Assignment
Copy all data exactly. Skip pictures.

Data excerpt
____

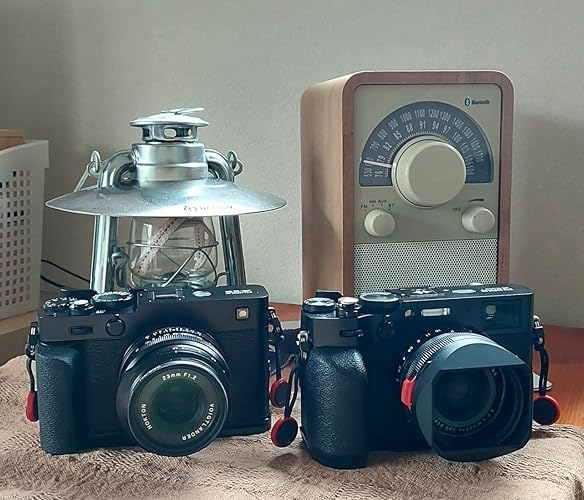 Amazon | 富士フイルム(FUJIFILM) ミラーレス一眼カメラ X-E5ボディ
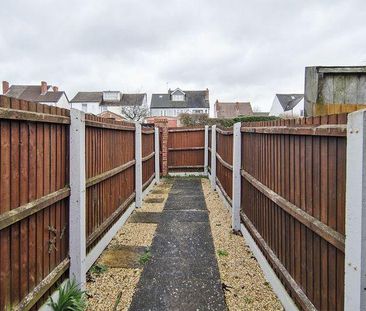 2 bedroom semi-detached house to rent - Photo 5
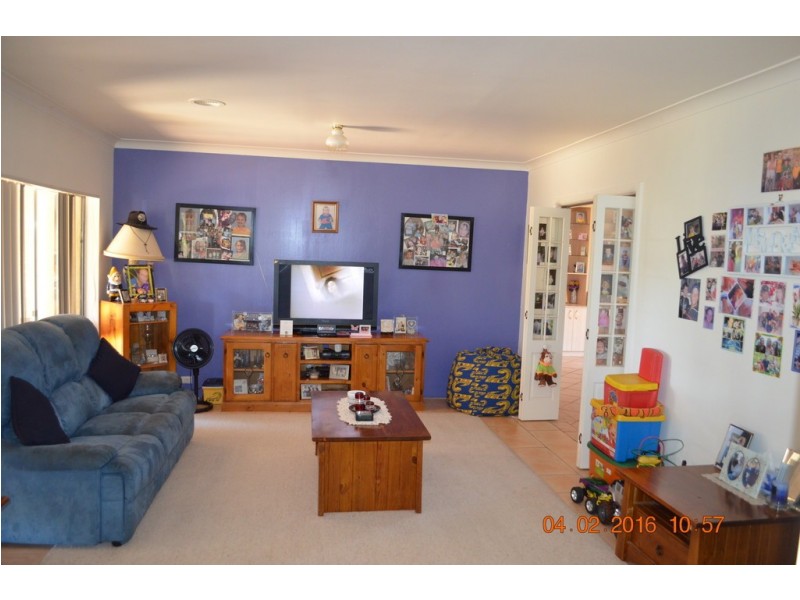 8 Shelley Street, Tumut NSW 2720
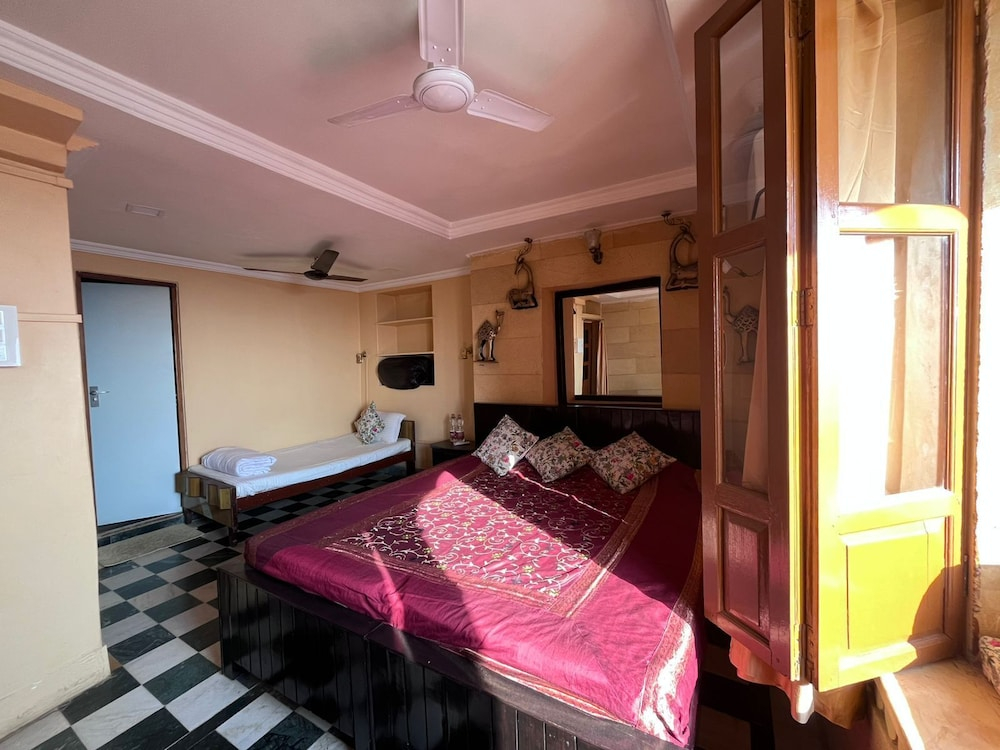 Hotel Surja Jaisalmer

____

Answer below
 Amazon | 富士フイルム(FUJIFILM) ミラーレス一眼カメラ X-E5ボディ
 2 bedroom semi-detached house to rent - Photo 5
 8 Shelley Street, Tumut NSW 2720
 Hotel Surja Jaisalmer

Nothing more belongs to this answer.